GeoParquet 1.0.0-rc.1 released!
I’m excited to share that the core GeoParquet team has agreed that the specification is ready for 1.0.0 release. We just cut the first ‘release candidate,’ which means that we do not anticipate any more changes to the standard. However, we we want to give one last chance for everyone to give feedback in case we missed something. The spec is up at geoparquet.org/releases/v1.0.0-rc.1/
Validators
The ecosystem of tools and data around GeoParquet has continued to grow, and we now have validators that check not only the metadata validity but also the congruence between the data and provided metadata. GPQ, a command-line tool and Go library, can run validation on any potential file and report how it lines up against all the requirements of GeoParquet.
GDAL/OGR also ships with a script that can check the validity of the metadata and the actual data.
Spec Additions
The spec has actually been quite stable, with no changes to the spec itself since the beta.1 release. The only addition was a set of guidelines for ‘Parquet Geospatial Compatibility’. This came about from a great community discussion about simplifying the standard even more by making metadata optional. The core motivation was that not every producer of data who wants to follow the GeoParquet spec is the person who makes the software, and many people use software that won’t immediately write out the right metadata. The proposal was to allow the production of valid GeoParquet files without including metadata, by simply choosing defaults. The community ended up deciding that allowing those metadata-less files to be valid GeoParquet would ultimately hurt interoperability, and that implementing GeoParquet must mandate metadata.
Nevertheless, we wanted to assist data providers who aim to support the GeoParquet ecosystem, so the compatibility recommendations give a set of requirements and encourage any GeoParquet library to be able to easily read those in. But those libraries that read compatible parquet files will all write out the proper metadata. So, if people use a tool to read compatible files and save the data, it will yield valid GeoParquet, thereby increasing the volume of interoperable data. Our hope is that it’s just a set of interim recommendations, and we aim to work with all software that reads or writes Parquet and supports spatial data to fully implement GeoParquet.
Ecosystem
The ecosystem of tools supporting GeoParquet continues to grow.
The coolest additions in recent months have been the web tools, like Scribble Maps and CARTO.

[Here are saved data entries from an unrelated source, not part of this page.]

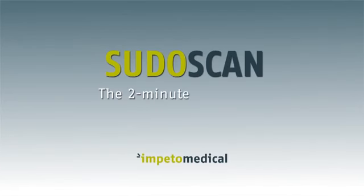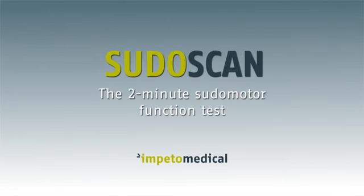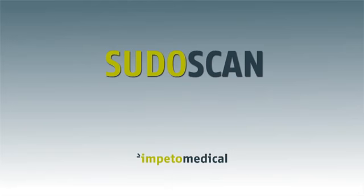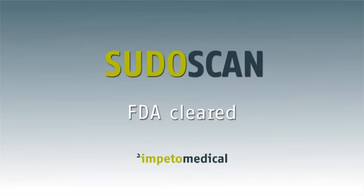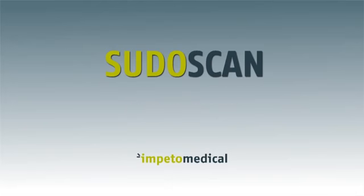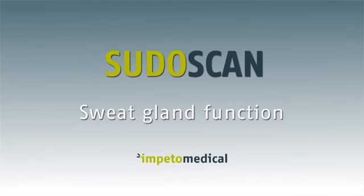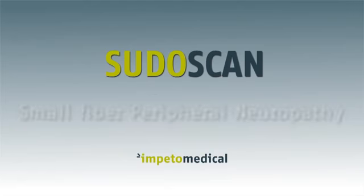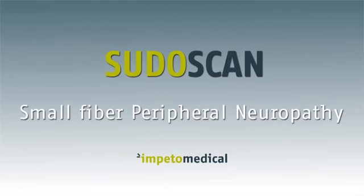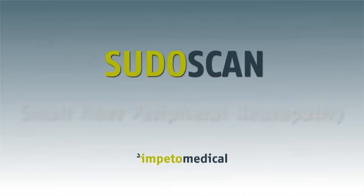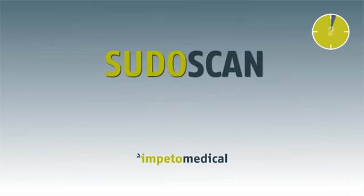SudoScan, the 2-minute sudomotor function test. SudoScan is an FDA-cleared medical device that measures sweat gland function as an indicator for small fiber peripheral neuropathy. The test does not require specialized training, preparation, or certification, and only takes 2 minutes to perform.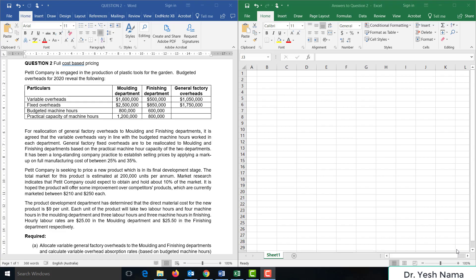It has been a long-standing company practice to establish selling prices by applying a markup on full manufacturing cost of between 25 and 35%. The total market for this product is estimated at 200,000 units per annum, and the company could expect to obtain about 10% of the market. Competitor products are currently marketed between $210 and $250 each. Direct material cost for the new product is $9 per unit. Each unit takes 2 labor hours and 4 machine hours in molding, and 3 labor hours and 3 machine hours in finishing. Hourly labor rates are $25 in molding and $25.50 in finishing.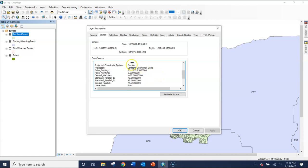Some people were asking me why it says custom here. That has to do with whoever was creating this data at Esri changing some of the details in the projected coordinate system. It looks like they changed the linear unit.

And I also discovered that Esri’s ArcGIS GeoAnalytics Engine can load or save GeoParquet with the Python library or the Spark plugin, see their GeoParquet page for more details. We’ve also seen more data in GeoParquet, like the Google Open Buildings Dataset and Eurocrops dataset.
Next Steps
Our objective is to launch GeoParquet 1.0.0 at the beginning of September, unless we hear any critical feedback. So this is a great time to try it out and make sure it works with your tools. Please do let us know if you add support to a new tool or make a new GeoParquet dataset, so we can add you to the 1.0.0 release announcement.